OK - Mort Fertel is for sissies. If you are struggling with infidelity he doesn't have any answers for you. Trust me on that my ex-partner drug me through that bs in the early stages. Most therapists are not capable of dealing with intense trauma. Find and pay for a specialist...and even then don't expect too much.

Over time, you are going to find your partner less and less attractive. You will see them for the person they really are now that they are exposed. You aren't going to like what you see. Ugly, selfish, uncaring people. You'll see them the way others always have. You'll wonder why you didn't notice all these negatives sooner. Love really is blind.
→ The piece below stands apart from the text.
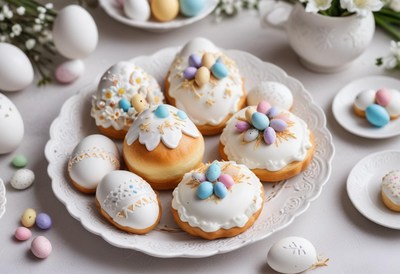 Delicious easter desserts displayed on a decorative plate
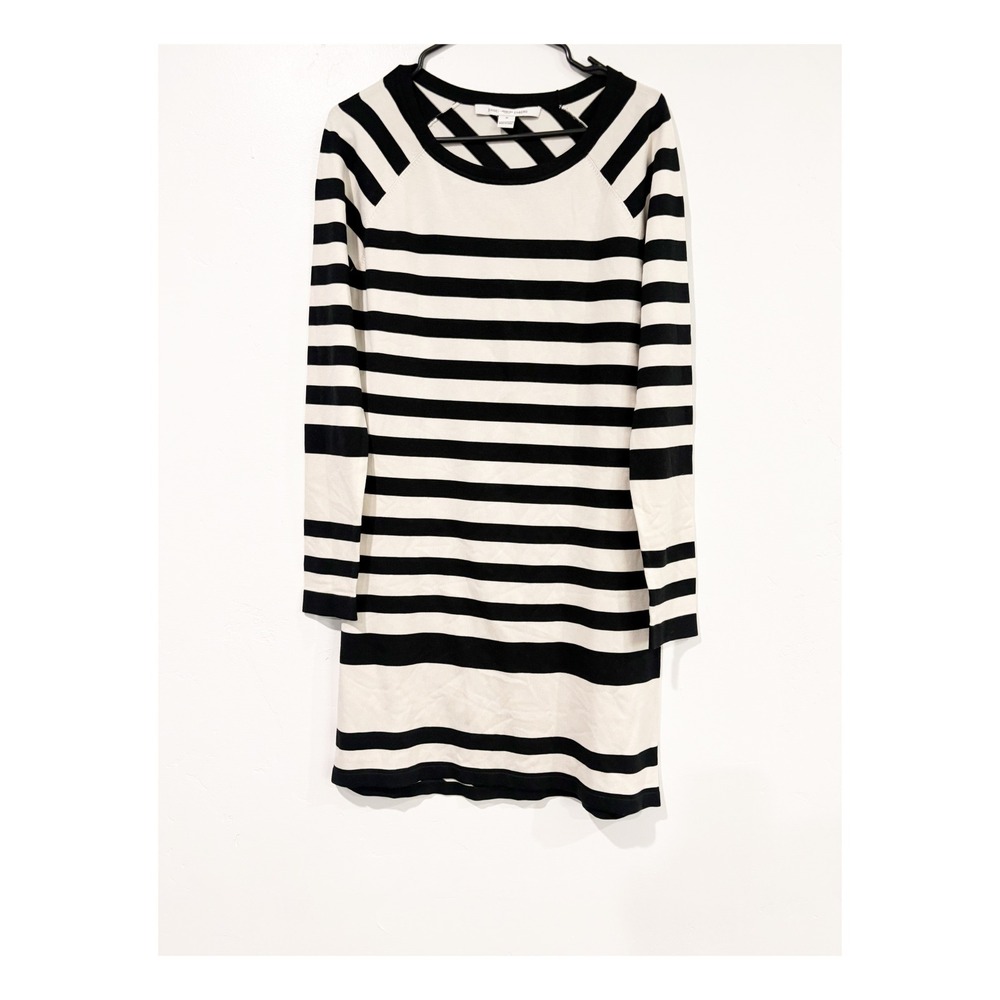 Diane von Furstenberg DVF Black White Striped Silk Blend Knit Sweater Dress M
Some folks here reminded me that men pay prostitutes because they are avoiding intimacy. Thanks for that. The problem is, you can stop using prostitutes but a lifetime of intimacy avoidance is hard to turn around. In my case, he went from absorbed in prostitutes to absorbed in men's groups and self help - I have been/continue to be/always will be just not that important.

Anyway, just some late night scribbles here. I hope someone else on this journey tells me I am dead wrong, and a relationship can survive any amount of damage. From my vantage point, that's because the person who is being asked to accomodate that mess doesn't think they can do better if they move on from the emotional abuse/trauma/degradation of a cheating spouse. But I am interested in other points of view...


----------



## [email protected] (Dec 23, 2017)

DoneIn, I'm sorry. There are betrayeds who go years and years and still hurt. Some years ago I knew a guy who triggered even after about eight years. It was around year twelve when he finally called the M off.


----------



## alte Dame (Aug 7, 2012)

I think this is a very good post. I agree with it (therefore, it's a very good post  ).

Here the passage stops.